Tracking an emerging disease

In the short term, health officials in Wisconsin want to do more to spread awareness about anaplasmosis. Wisconsinites have been hearing warnings about Lyme disease for years, but there's been far less emphasis other tick-borne illnesses.

The Wisconsin Department of Health Services Division of Public Health is working on new fact sheets about anaplasmosis and ehrlichiosis that it will soon post online, said spokesperson Elizabeth Goodsitt. Each will include information about "the cause, common symptoms, treatment, and prevention," she noted in an email interview. "We are also working to create a flow-chart for providers with recommended lab testing, interpretations, diagnosis, and treatment of anaplasmosis."

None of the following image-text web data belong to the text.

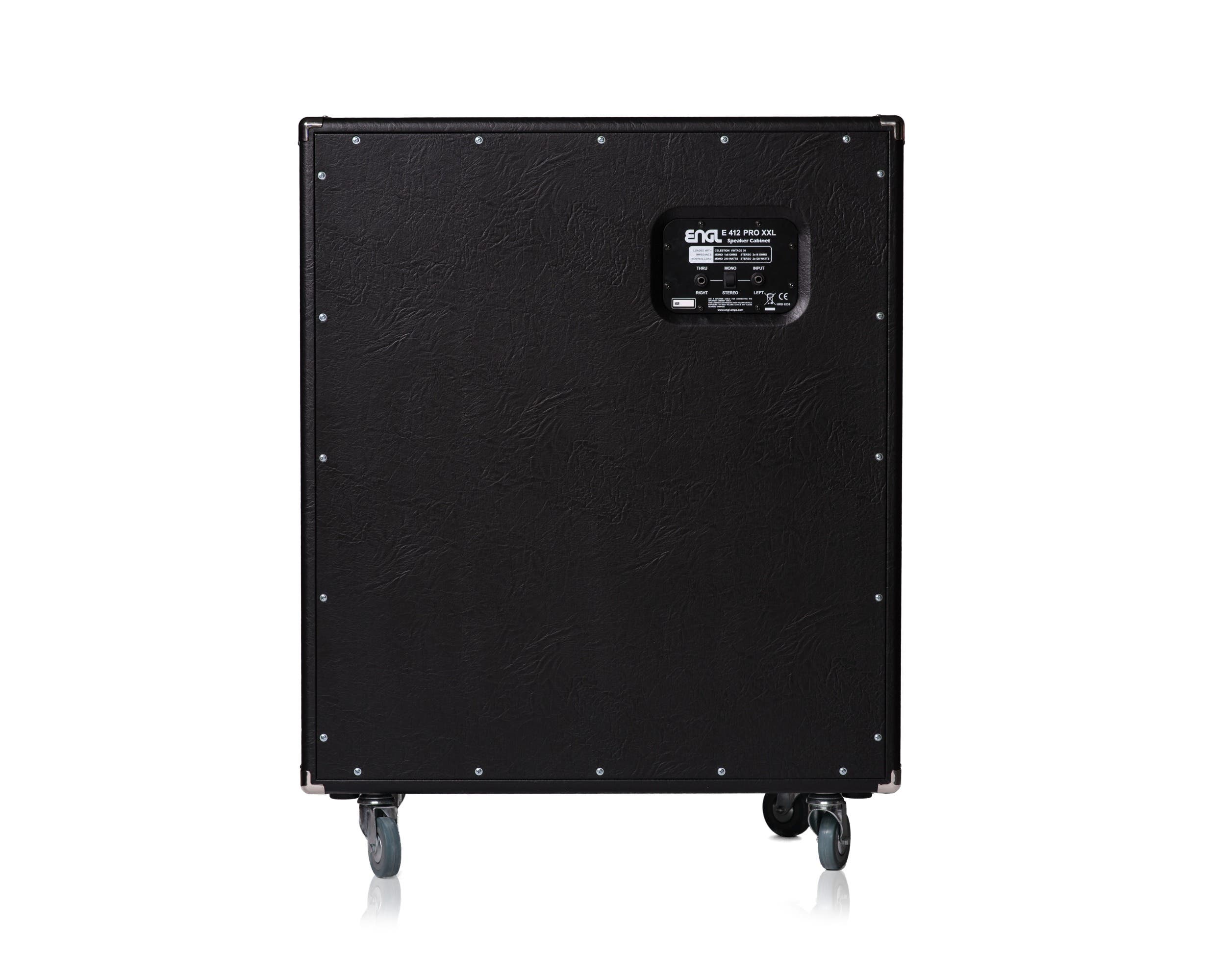 ENGL E412XXLB Pro 4x12" Guitar Cab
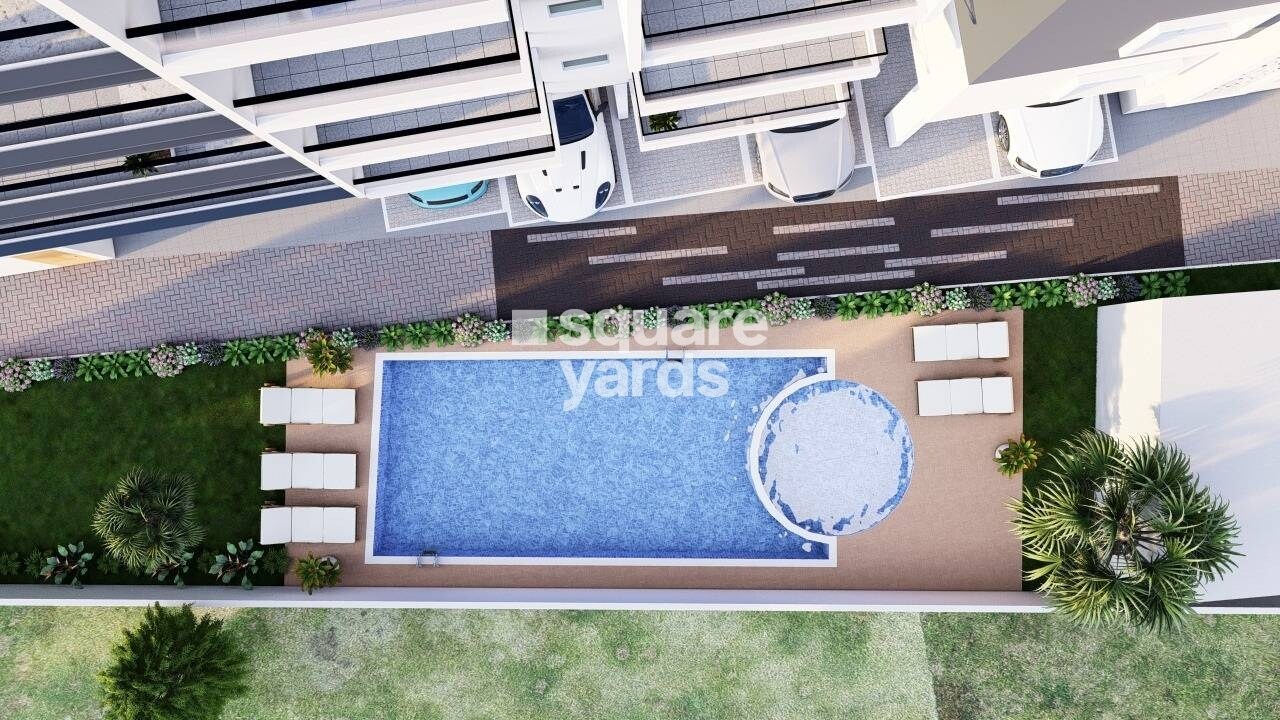 Sri Garudadri Gardenia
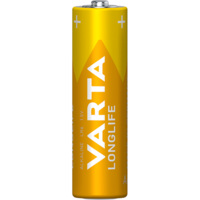 Varta 4106301132 Longlife ceruza AA (LR06) elem 12db/csomag (műanyagmentes csomagolás) Varta 4106301132 Longlife ceruza AA (LR06) elem 12db/csomag (műanyagmentes csomagolás)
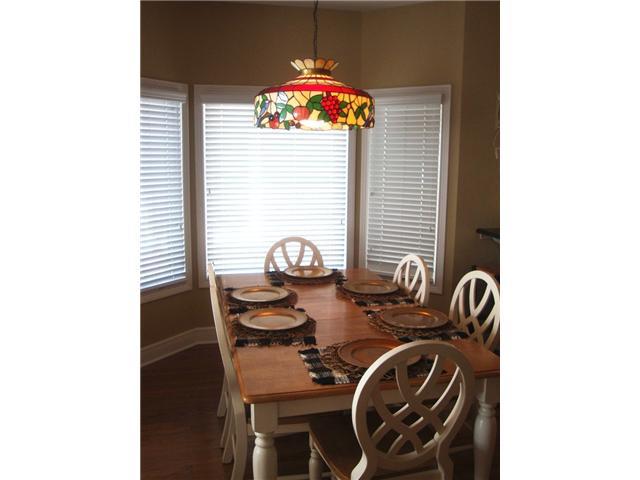 11468 Lake Stonebridge Lane Fishers, IN 46037 - Photo 6 of 24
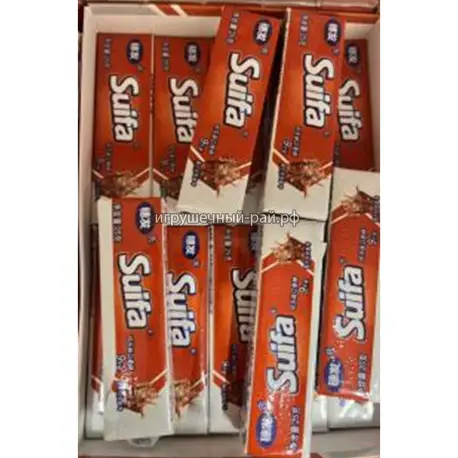 Жевательная резинка Suifa Кола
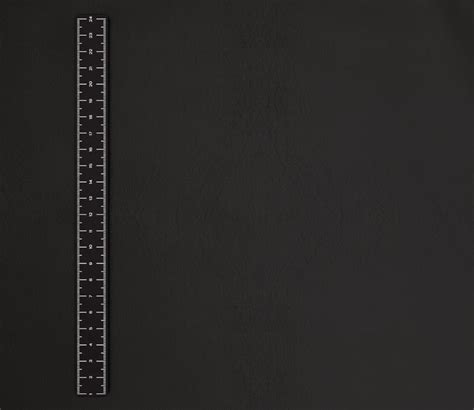 Buy Tar Black Plain Leatherette Fabric Online In India At Best Price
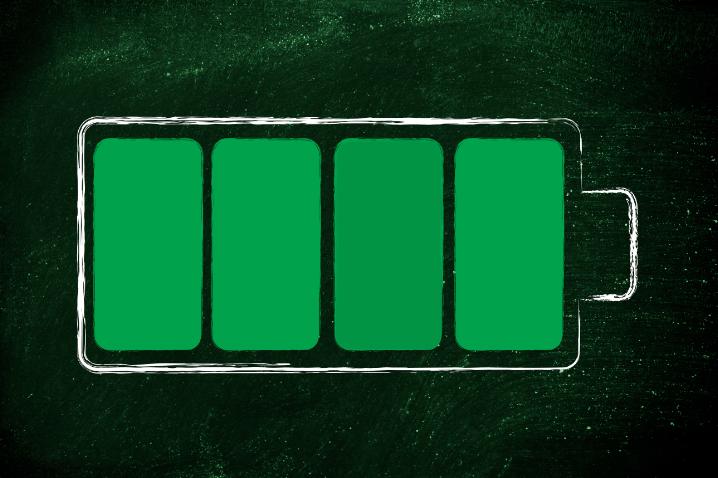 电化学储能技术的基本知识,电化学储能的应用场景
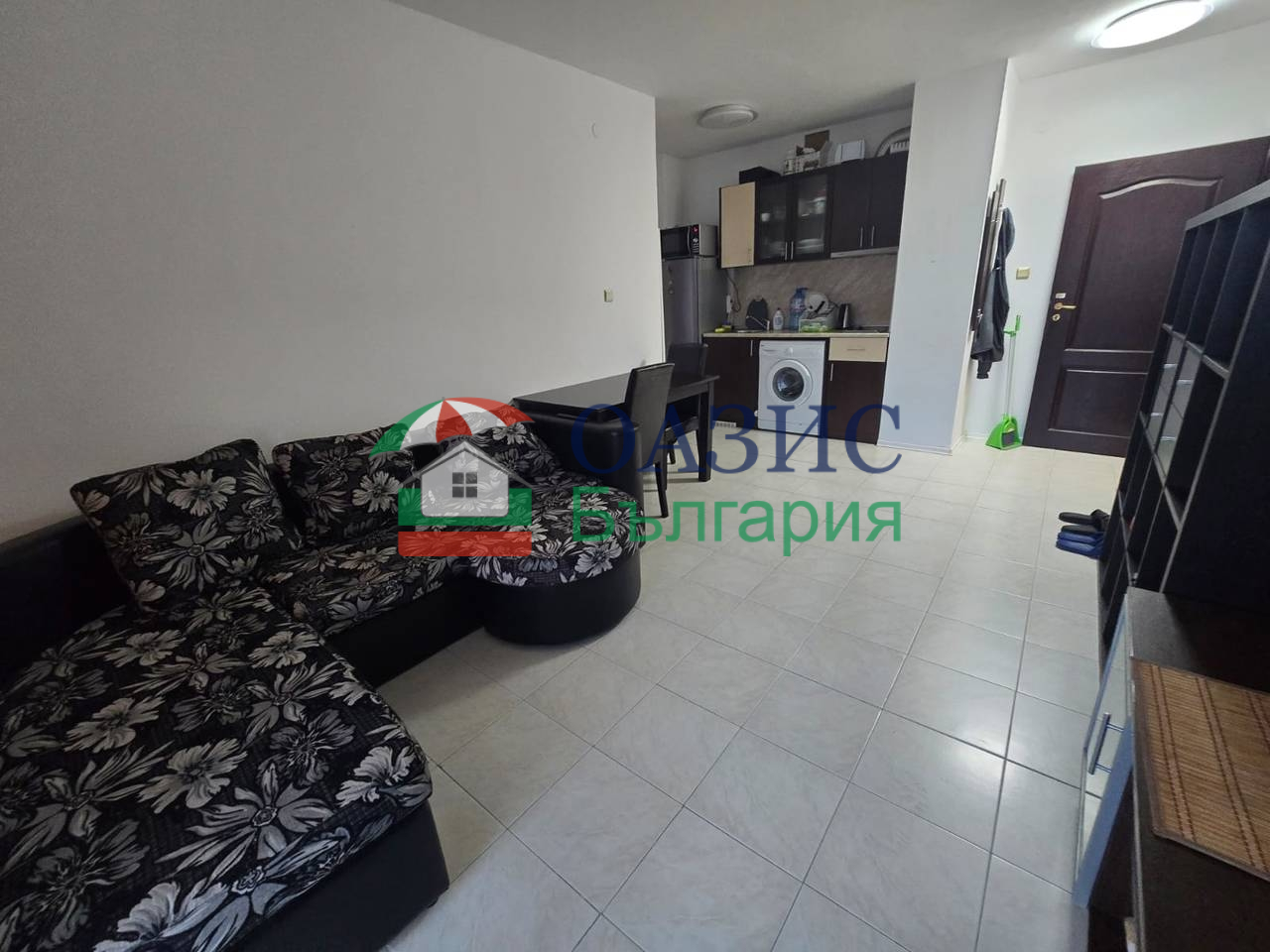 Апартаменты в Святом Власе, Болгария, 65 м² - фото 1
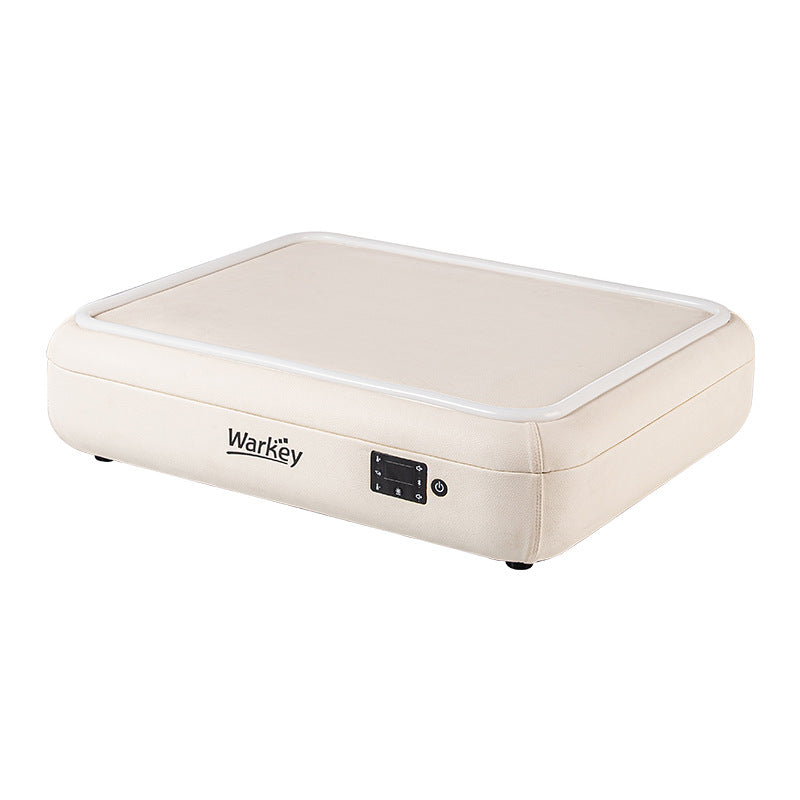 Intelligent Dual - Temperature Pet Air Conditioning Bed with Bluetooth Speaker - the Perfect Pet Product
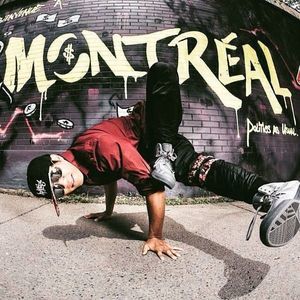 Meet your Posher, Tiger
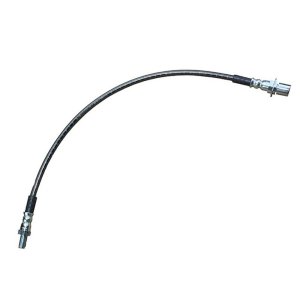 Rear brake line Superior Engineering Lift 4-5"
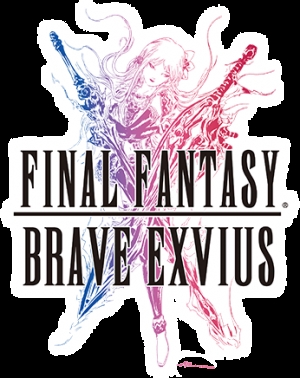 Final Fantasy: Brave Exvius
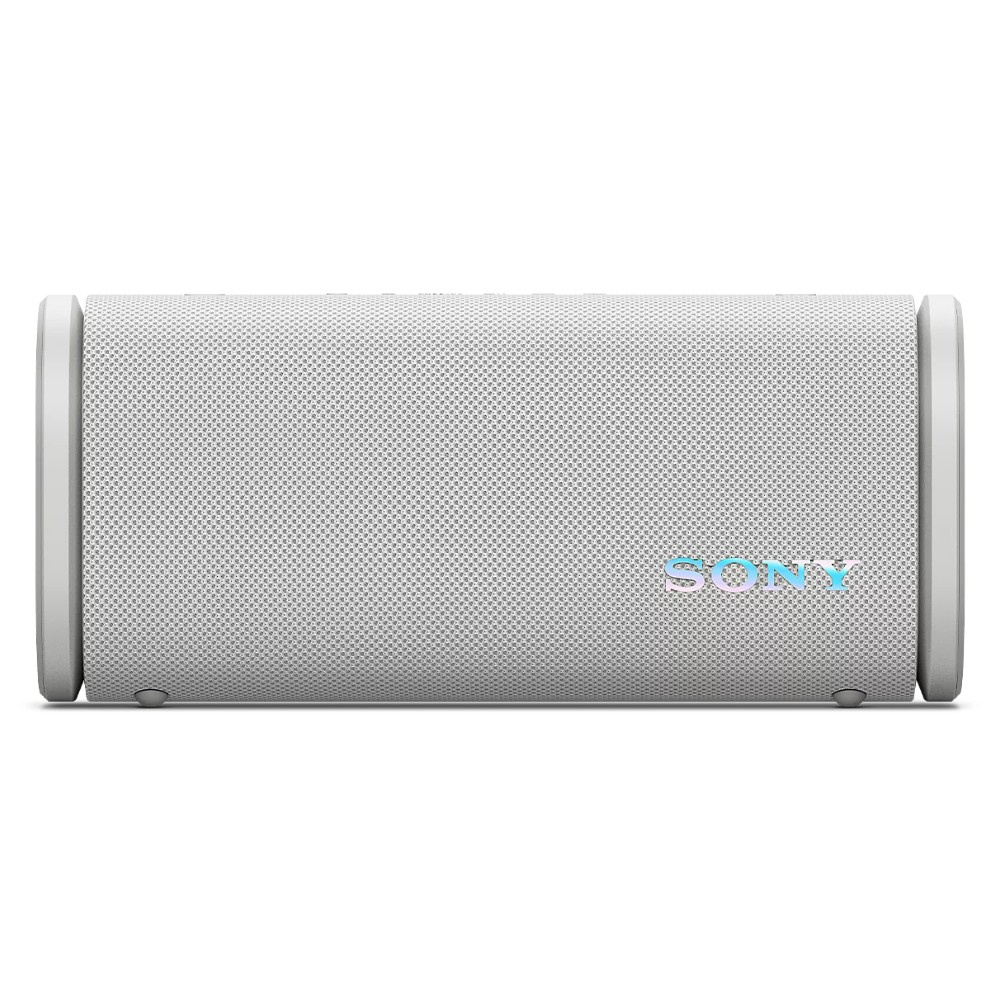 Sony ULT FIELD 5 tragbarer Lautsprecher, weiß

Wisconsin Department of Health Services
Anaplasma incidence in Wisconsin increases in more northern and western counties.

One challenge is that anaplasmosis is very hard to diagnose by symptoms alone. But lab tests are expensive and imperfect, which means DHS recommends that healthcare providers start antibiotic treatment for the disease before getting lab confirmation.

"The most common method of laboratory detection is serologic testing using an indirect immunofluorescence assay," Goodsitt explained. "However, there are limitations to this type of testing. Often only a single [test] is performed, which can produce a negative result if the specimen is collected in the first week of illness before the patient has developed a detectable immune response. This assay can also produce false positive results due to cross-reactivity with related bacteria."

And as deer ticks spread, entomologists like the U.S. Army's Ellen Stromdahl will be working to get a better handle on how anaplasmosis spreads with them.

"Over and over again we won't see the other pathogens [than Lyme disease] for a few more years," she said. "Is it just because we were only getting, say, 40 ticks a year to test from a given location and if we were getting 400 would we be seeing these less prevalent pathogens? I'm not sure."